Look, yes, I am going wild on my reading of this film, but that’s cinemaahh, baby. My ability to see earnest effort and vulnerability inside the most technically unexpected places is literally undefeated. (Also, everything written previous to this sentence was written late at night right after I watched the film, and the rest of this was written on a sunny afternoon two days later.) I can and will go on. But, first let’s talk about this scene that eerily and accurately describes how it feels to watch YouTube late at night when you cannot sleep.

^That’s just ASMR, baby!

(I have picked up saying “baby” in a really exaggerated way—primarily blaming aforementioned YouTube and particularly clips of James Acaster saying anything—and I am genuinely distressed to see it has migrated to my writing. But my writing style is conversational, so I am sorry to say I cannot delete the “baaabys” when they appear. It would be artistically unethical.)

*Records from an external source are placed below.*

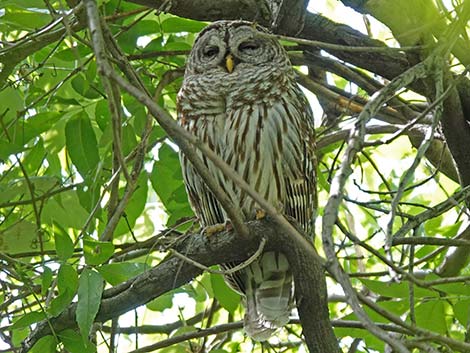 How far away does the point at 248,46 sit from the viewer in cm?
371

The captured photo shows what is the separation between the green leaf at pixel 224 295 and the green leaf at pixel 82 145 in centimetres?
61

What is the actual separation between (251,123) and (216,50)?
0.56 meters

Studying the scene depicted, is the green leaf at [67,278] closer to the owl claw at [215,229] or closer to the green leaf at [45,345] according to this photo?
the green leaf at [45,345]

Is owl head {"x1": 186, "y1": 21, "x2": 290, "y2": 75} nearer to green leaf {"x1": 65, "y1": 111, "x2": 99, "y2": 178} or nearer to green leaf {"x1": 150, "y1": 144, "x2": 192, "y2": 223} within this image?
green leaf {"x1": 150, "y1": 144, "x2": 192, "y2": 223}

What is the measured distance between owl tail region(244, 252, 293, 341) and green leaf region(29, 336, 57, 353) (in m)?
0.87

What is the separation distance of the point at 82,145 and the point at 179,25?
551mm


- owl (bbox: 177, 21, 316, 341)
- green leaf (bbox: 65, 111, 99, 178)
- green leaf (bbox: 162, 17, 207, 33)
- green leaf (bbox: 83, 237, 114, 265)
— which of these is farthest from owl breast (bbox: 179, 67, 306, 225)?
green leaf (bbox: 83, 237, 114, 265)

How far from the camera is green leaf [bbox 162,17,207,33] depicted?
316 cm

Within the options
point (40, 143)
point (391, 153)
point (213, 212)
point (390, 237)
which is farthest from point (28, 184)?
point (391, 153)

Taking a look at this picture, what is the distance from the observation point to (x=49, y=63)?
3354 millimetres

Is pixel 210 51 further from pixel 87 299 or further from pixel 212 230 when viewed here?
pixel 87 299

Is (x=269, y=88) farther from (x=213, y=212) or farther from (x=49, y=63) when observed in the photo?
(x=49, y=63)

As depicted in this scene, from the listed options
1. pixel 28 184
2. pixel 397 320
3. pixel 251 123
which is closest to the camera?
pixel 397 320

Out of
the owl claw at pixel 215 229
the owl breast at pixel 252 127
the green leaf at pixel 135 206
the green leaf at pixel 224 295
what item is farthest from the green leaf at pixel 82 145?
the green leaf at pixel 224 295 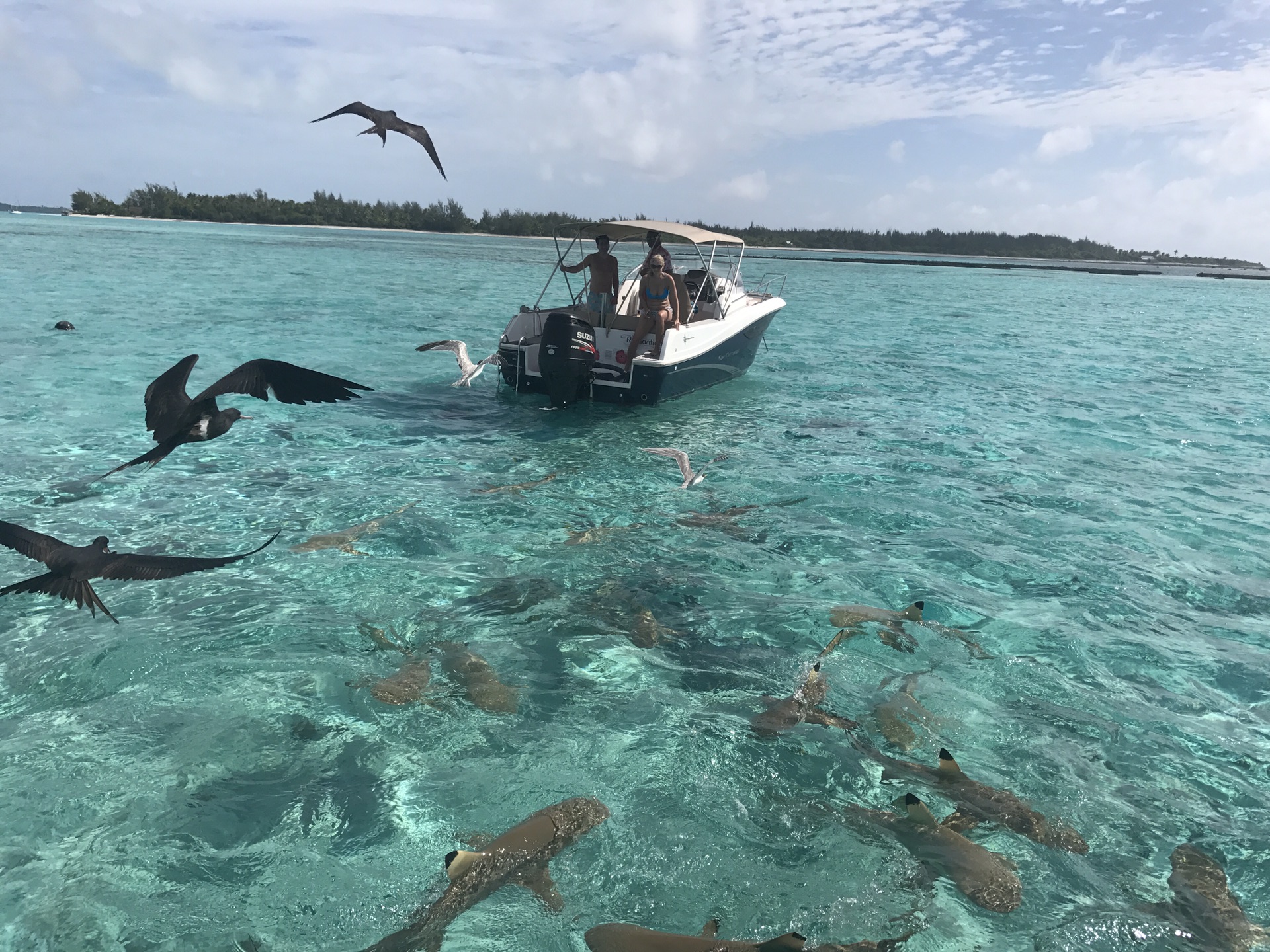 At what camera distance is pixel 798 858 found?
3.63m

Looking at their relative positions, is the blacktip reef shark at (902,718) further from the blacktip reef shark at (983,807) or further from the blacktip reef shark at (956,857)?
the blacktip reef shark at (956,857)

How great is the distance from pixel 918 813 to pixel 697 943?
1456mm

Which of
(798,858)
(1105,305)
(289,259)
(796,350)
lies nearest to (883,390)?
(796,350)

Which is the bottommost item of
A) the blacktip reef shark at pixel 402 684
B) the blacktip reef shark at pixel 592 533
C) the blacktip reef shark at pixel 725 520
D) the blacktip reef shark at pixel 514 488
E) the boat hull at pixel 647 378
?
the blacktip reef shark at pixel 402 684

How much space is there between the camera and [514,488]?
8.59m

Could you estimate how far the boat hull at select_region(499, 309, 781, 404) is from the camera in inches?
456

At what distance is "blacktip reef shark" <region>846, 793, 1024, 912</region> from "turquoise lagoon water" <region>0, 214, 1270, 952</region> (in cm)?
7

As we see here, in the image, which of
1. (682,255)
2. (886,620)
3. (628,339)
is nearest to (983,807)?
(886,620)

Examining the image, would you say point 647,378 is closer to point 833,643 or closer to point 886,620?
point 886,620

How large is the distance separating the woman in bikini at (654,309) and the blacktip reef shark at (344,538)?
17.5 feet

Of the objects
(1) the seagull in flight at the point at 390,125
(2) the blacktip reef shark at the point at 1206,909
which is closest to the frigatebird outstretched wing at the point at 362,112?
(1) the seagull in flight at the point at 390,125

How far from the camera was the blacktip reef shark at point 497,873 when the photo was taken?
3.16m

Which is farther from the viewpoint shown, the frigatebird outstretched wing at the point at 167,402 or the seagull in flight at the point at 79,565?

Now that I have got my earnest emotional rush out of the way (and I cannot promise it won’t return at any moment), I really want to talk about the glorious aesthetics of this film. Because that is how you reach me: characters expressing inner turmoil+vulnerability with cool camera angles and maybe some fun neon lighting if we deserve it.

This film took it a step further. Basil said, yes, you deserve fun neon lighting! Lads, let’s give ‘em bisexual lighting while Roger Moore has an emotional breakdown driving a car in a rainstorm! We love to see it. :’)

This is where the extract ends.